Barcelona is a cosmopolitan city known for its vibrant culture, beautiful architecture, and excellent quality of life. It’s ideal for couples and individuals who appreciate a bustling urban environment. However, keep in mind that Barcelona’s living costs can be higher than in other Spanish cities.

Madrid

As the capital and largest city, Madrid attracts expats for its healthcare services, efficient public transport, and abundant job opportunities. It’s a versatile city suitable for students, job seekers, and families.

Valencia

Valencia offers a more authentic Spanish experience. It’s known for its pleasant climate, affordability, and access to healthcare. The city welcomes expats and has a lower cost of living compared to some other Spanish regions.

Granada

If you prefer a quieter lifestyle away from the coast, Granada in Southern Spain is an excellent choice. It offers a mix of mountains and sea, a relaxed environment, and affordability. Granada is known for its friendliness towards foreigners.

Seville

Seville is famous for its architecture and flamenco culture. It’s the largest city in Southern Spain, known for its Mediterranean climate and relatively low living costs. Seville is especially appealing to those seeking a sunny and peaceful retirement spot.

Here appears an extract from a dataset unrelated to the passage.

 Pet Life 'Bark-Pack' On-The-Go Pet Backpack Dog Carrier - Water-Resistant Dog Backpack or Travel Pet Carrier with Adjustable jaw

What is the Cost of living in Spain compared to the US

The cost of living in Spain is generally lower compared to the United States. Here are some key points based on the search results:

Overall Cost: The average cost of living in Spain is around $1373, which is 44% less expensive than in the United States, where it is approximately $2441.

Specific Expenses:

Rent: Renting in Spain is more affordable compared to the US. For example, the cost of a one-bedroom apartment in Madrid is significantly lower than in many US cities.
Food Expenses: Grocery prices in Spain are generally lower than in the US, making daily expenses more affordable.
Transportation: While transportation costs may vary, Spain tends to have lower prices for gasoline and public transit compared to the US.
Salary Comparison: The average after-tax salary in Spain is around $1877, which may be sufficient to cover living expenses for 1.4 months, whereas in the US, it covers expenses for about 2 months.

In summary, living in Spain is more cost-effective compared to the US, with lower expenses for rent, groceries, and transportation. However, it’s essential to consider factors like average salaries and personal lifestyle preferences when evaluating the overall cost of living between the two countries.

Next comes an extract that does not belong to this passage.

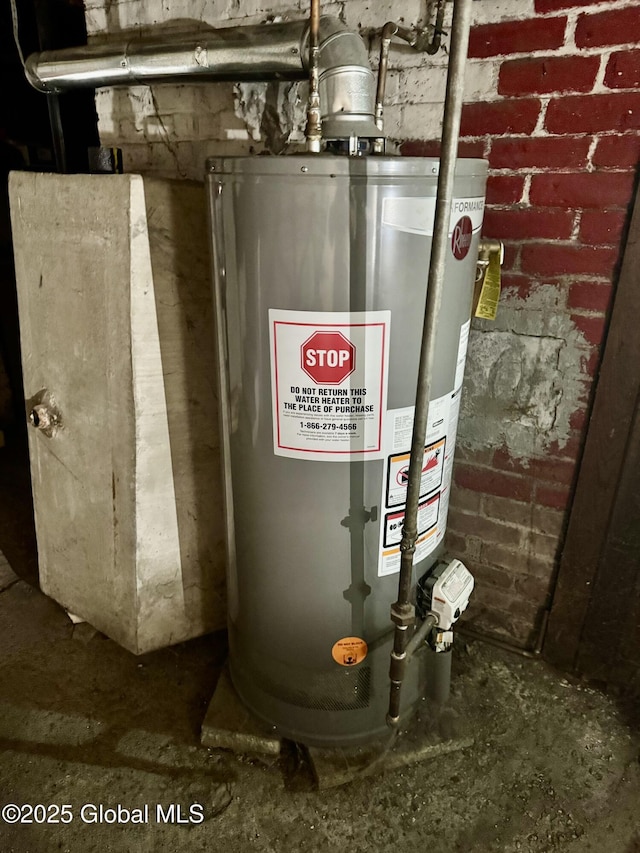 utilities featuring gas water heater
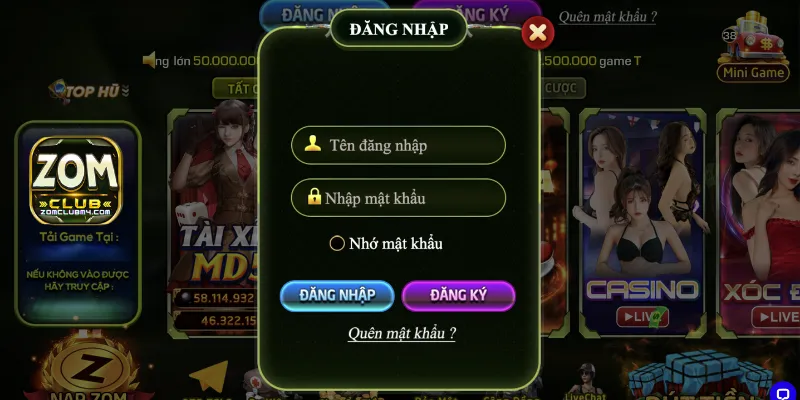 Hướng Dẫn Đăng Nhập Zomclub Để Hòa Mình Vào Cá Cược Đăng nhập Zomclub chỉ qua 4 bước đơn giản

Moving to Spain is a journey full of opportunities and excitement. Whether you’re an EU citizen enjoying the perks of free movement or a non-EU citizen navigating the visa process, Spain’s diverse regions offer a variety of lifestyles to suit your preferences. From the bustling streets of Barcelona to the historic charm of Granada, Spain’s rich cultural heritage and warm climate make it a destination worth considering for your new home. Embrace the adventure, immerse yourself in Spanish culture, and start your journey to a fulfilling life in this captivating country.